As for the model hyperparameters, the learning rate is a little higher than usual but it turns out that it works fine, while the selected number of epochs is 480. Batch size of 40 seems to work fine. These hyperparameters were found out from many trials and error. As far as I know I could have performed a grid search at best, but I did not want to over complicate the code and therefore I just used the classical trial and error approach.

At the end you should get 0.975 accuracy.


All in all, this model was fairly easy to set up and run. When running on CPU it takes about 4-5 minutes to train which is a bit long if you want to make some experiments but it is reasonable to work with.

Considering the fact that we did not do any feature engineering and just made some simple and ordinary preprocessing steps, I believe the result achieved is quite good. Of course, in case we would like to get a better grasp on the “true” accuracy,  we would need to perform some cross validation procedures (that will inevitably eat up a lot of computing time Smile).

Thank you for reading this far, I hope this tutorial helped you understanding how to set up and run this particular model.

Dataset source and credits:

1Olivetti faces dataset was made by AT&T Laboratories Cambridge.


  1. Hi, thanks for the detailed post.
    The dataset inputted in the model is 40 faces, with 10 variations each. I am trying, however, to apply the algorithm on biological populations of cells.
    Supposing we have a good training dataset of biological cells of various population (let says, 10 cell-line, with 100 pictures for each population). Does the algorithm described above could perform a discrimination of 2 or more population when cells mixed in an image? I am not sure if the presented algorithms would allows to do so. Thank you for your reply,


    1. Hi Arno, thanks for reading the post and for your comment.
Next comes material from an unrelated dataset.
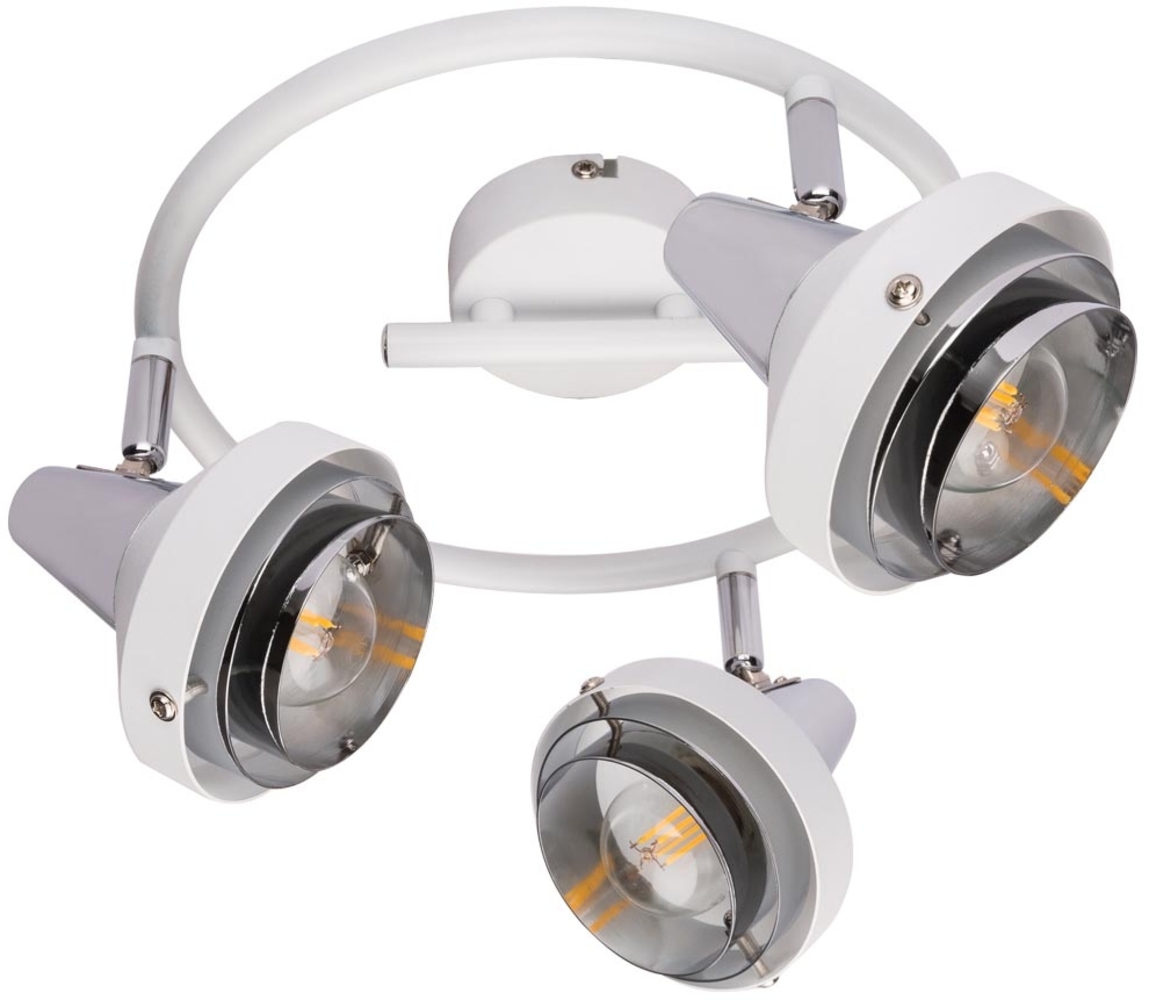 Deckenleuchte, Chrom, weiß, Spots beweglich, 25 cm, RORGE Bild 1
      In general, the model will be able to discriminate only if you've told it how to do that. For instance if you have two faces in the same picture, in the example above it will "chose" to output as an answer either one or the other face, since it has not been trained to do otherwise.

      If you have more labels in the same picture, you can either try to separate them and then pass each one to a classifier, use a different model, or even use some more sophisticated tools such as openCV with Python which can detect objects in a picture very accurately. Ultimately the choice will depend on the details of the specific problem you are trying to solve.

  2. Hi, thanks for post. Hope you make more posts on neural networks using R.
    Why not use Olivetti faces from RnavGraphImageData package and stay fully in R?

    1. Hi Lenchik! Thanks for reading the post! I didn't know it was already available in R, thanks for letting me know.

  3. Hi,

    First of all thanks for this post. Very informative.
    I am struggling to install "mxnet" package in my R.

    Could you please guide what needs to be done in order to use it.

  4. Hi, I was able to fix "Mxnet" issue mentioned in my previous comment.

    It ran perfectly and gave similar results. However, when I changed the seed from 100 to some other number (Just before shuffling itno training and testing), I get an accuracy of 0.325.

    Isn't it supposed to be somewhat similar of model is working fine ?
    Am I missing on something ?

    1. Hi Dimri, thanks for reading the post! Sorry for my late reply. I had a bit of a struggle too when installing Mxnet.

      Yes changing the seed should (generally) give you roughly similar accuracy results. But it may also not: it can also happen that a particular combination of test sample happened to contain particularly critical tests for the model, for instance you trained on a training set of 5 different pictures and the classifier always struggles with picture 1 (let's say it always gets 20% accuracy on it). By chance and by splitting randomly the testing set you got a testing set of 90% picture 1 samples. Now it may easily look that your classifier has an accuracy of around 20% while instead that result is simply driven by a biased testing set.

      In order to partly account for this problem and to get a better estimate of how good your model is performing, a cross validation may help testing that scenario.